When humans lose a chunk of flesh, it dies and decays. That isn’t so with Psolus fabricii, a sea cucumber that is native to the Atlantic and Arctic Oceans. Its amputated bits just keep living. These lost pieces of tissue even repair their wounds and continue to grow—although not into new organisms. After observing tissues that survived in natural seawater tanks for more than three years, researchers declared them biologically immortal in a paper published today in Science Advances. “Something like this has never been seen before,” says lead author Sara Jobson, a doctoral student at Memorial University of Newfoundland.

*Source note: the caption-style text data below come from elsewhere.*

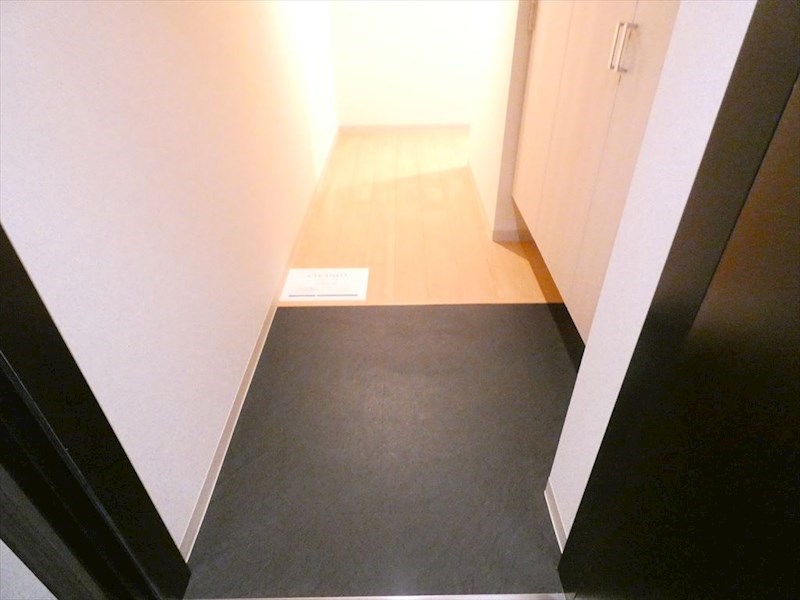 フレンシア田端道灌山  玄関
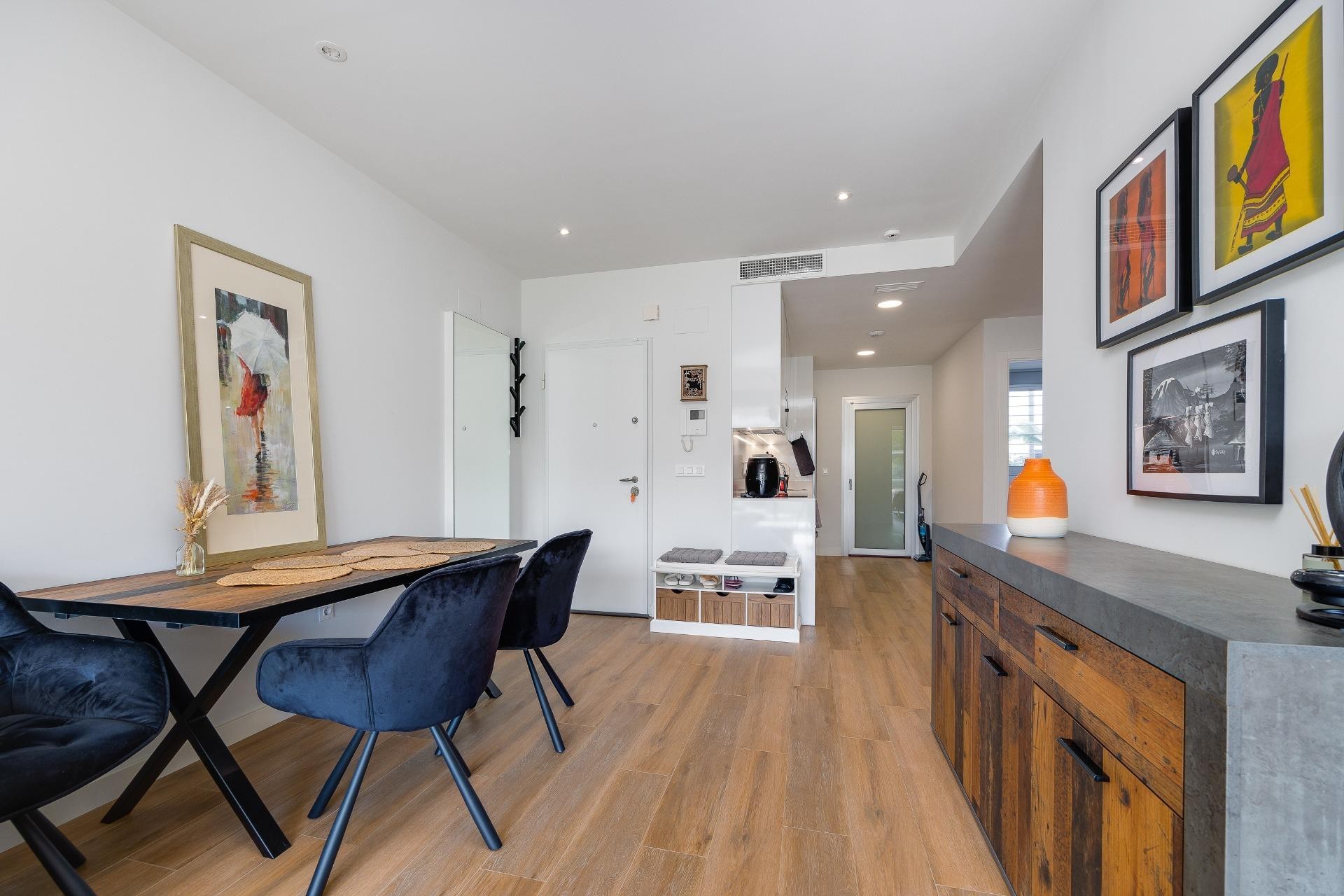 Återförsäljning - Apartment -
Orihuela Costa - Villamartín-las Filipinas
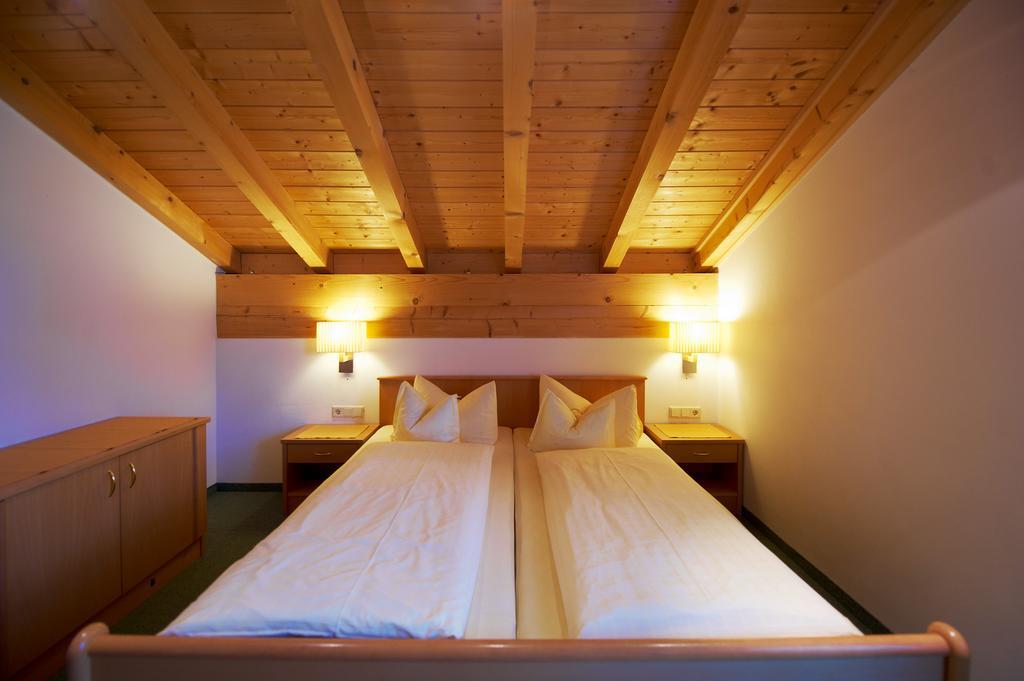 Hotel Mohnenfluh Лех Экстерьер фото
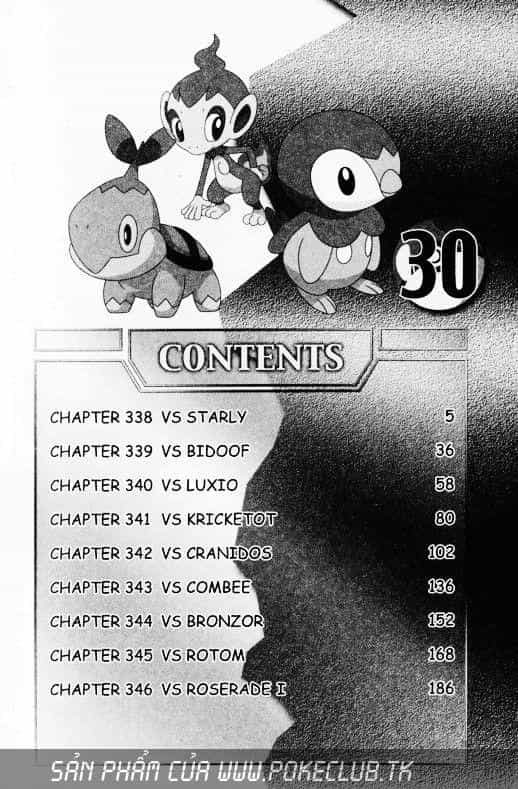 Pokemon Special - Chương 338 - ảnh 5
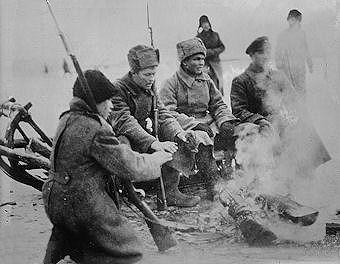 Soviets NOV 1917 Uprising of the Workers Took over the Government BOLSHEVIK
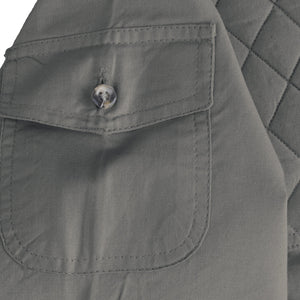 Shooter Shirt for Men - L/Sleeve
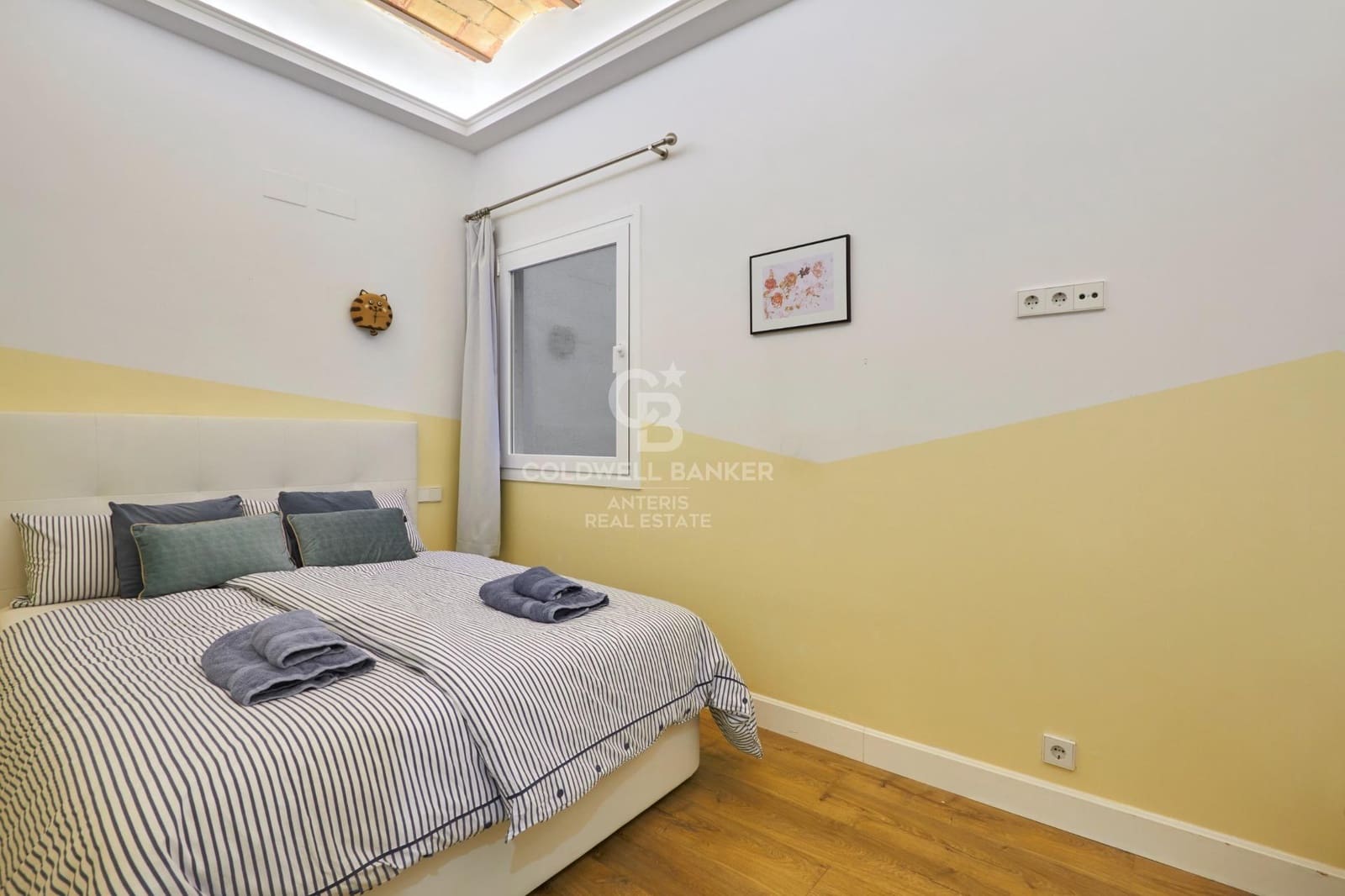 3 sypialnia Mieszkanie na sprzedaż w Miasto Barcelona - 1 450 000 € (Ref: 10059112)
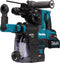 Makita HR004GM202 - Combihamer 40V met Anti Vibratie Technologie - 260 mm boorlengte (2 stuks)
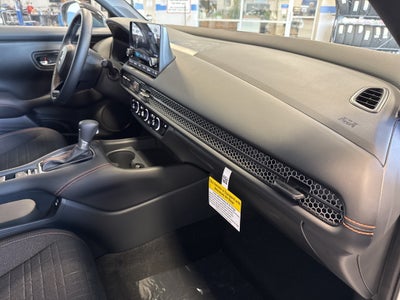 2025 Honda HR-V Sport AWD
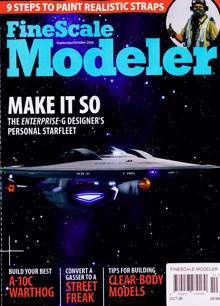 Fine Scale Modeler Magazine OCT 26 Order Online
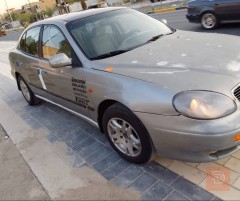 دايو ليكنزا موديل 2000 للبيع في بغداد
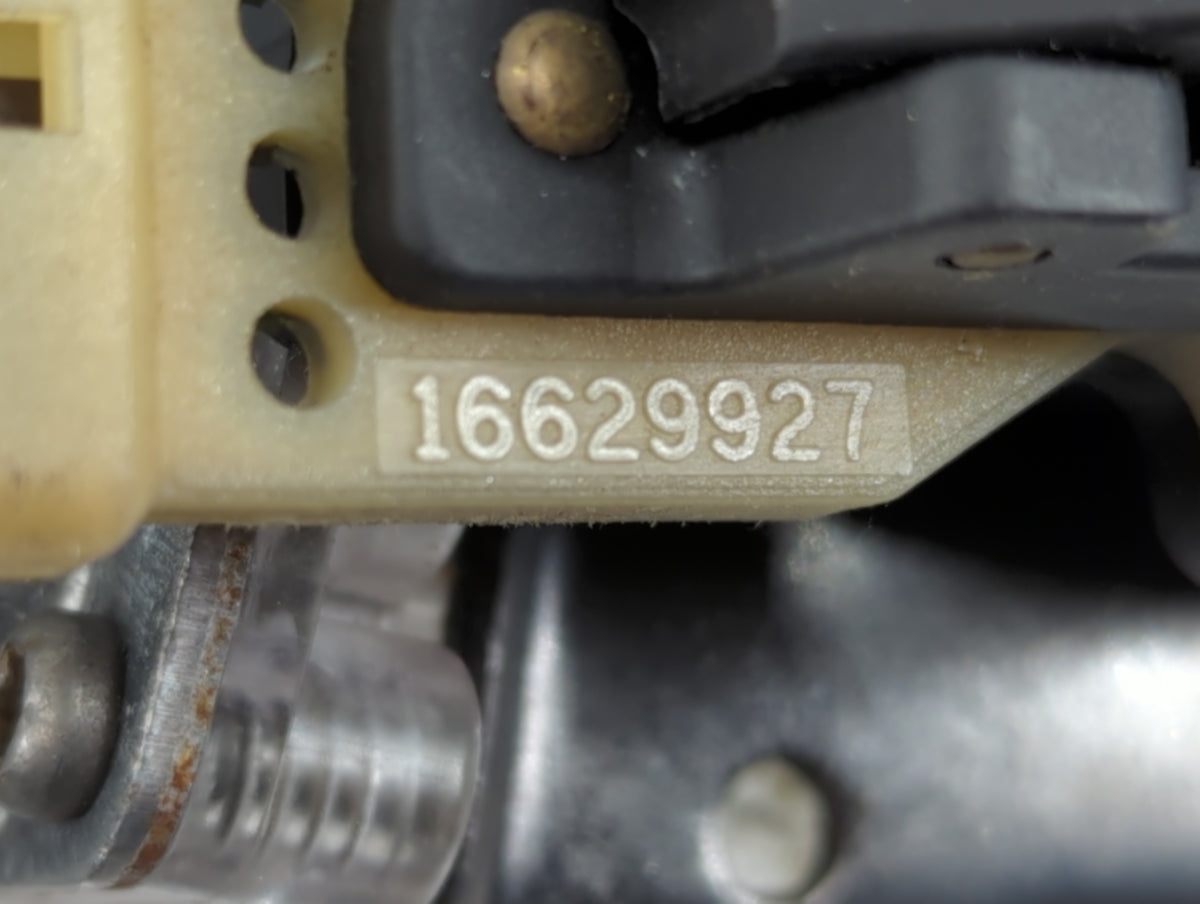 2008-2012 Honda Accord Driver Front Wheel Hub Oem 775859 - Oemusedautoparts1.com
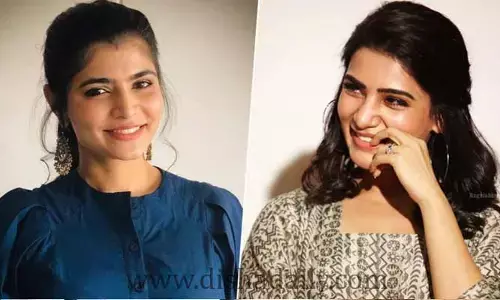 నేను కాదు నువ్వే.. సమంత- చిన్మయిల మధ్య ఆసక్తికర సంభాషణ!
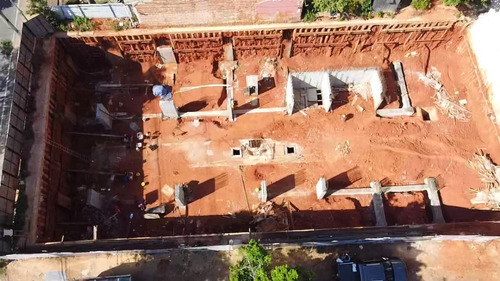 Departamento En Pozo Paraguay Asuncion Villa Morra Inversion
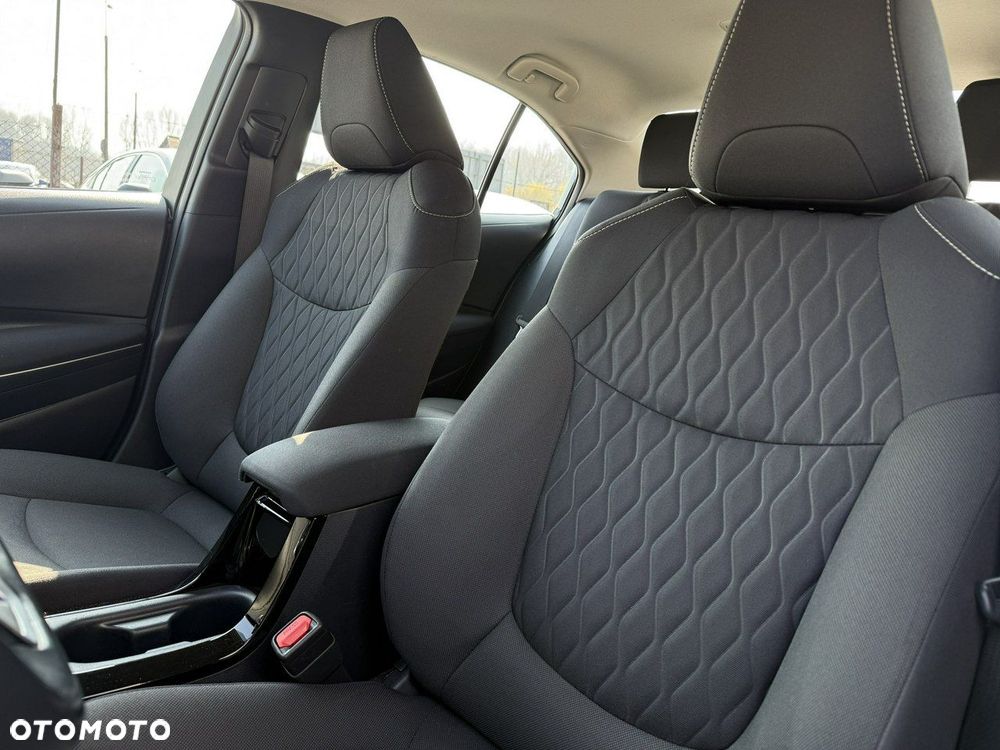 Toyota Corolla 1.5 Comfort - 12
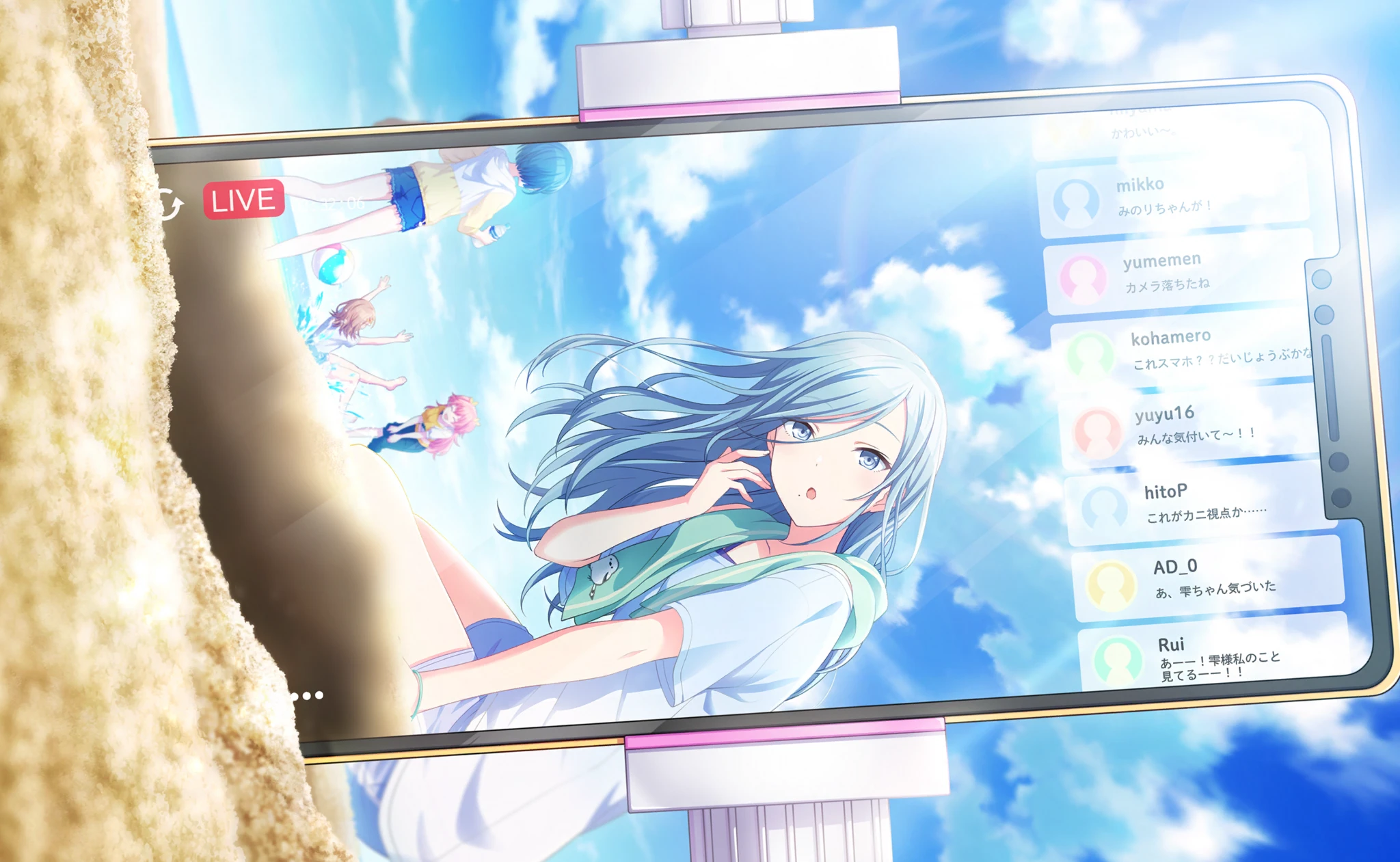 来自珍藏集: Cameos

Sea cucumbers are masters of regeneration. But so are many lizards and salamanders, and yet, when detached, their limbs and tail deteriorate just like human tissue would. With the amputated pieces of P. fabricii, Jobson says, it’s “as if the tail dropped off and healed and wiggled around in the wild on its own.” She and her colleagues don’t entirely know what enables this feat, but they have a few clues: The severed tissues retain a strong immune system and chemical defenses to ward off microbial infection; their cells keep dividing to form new tissue; and, for fuel, they either absorb dissolved amino acids or cannibalize their own muscle.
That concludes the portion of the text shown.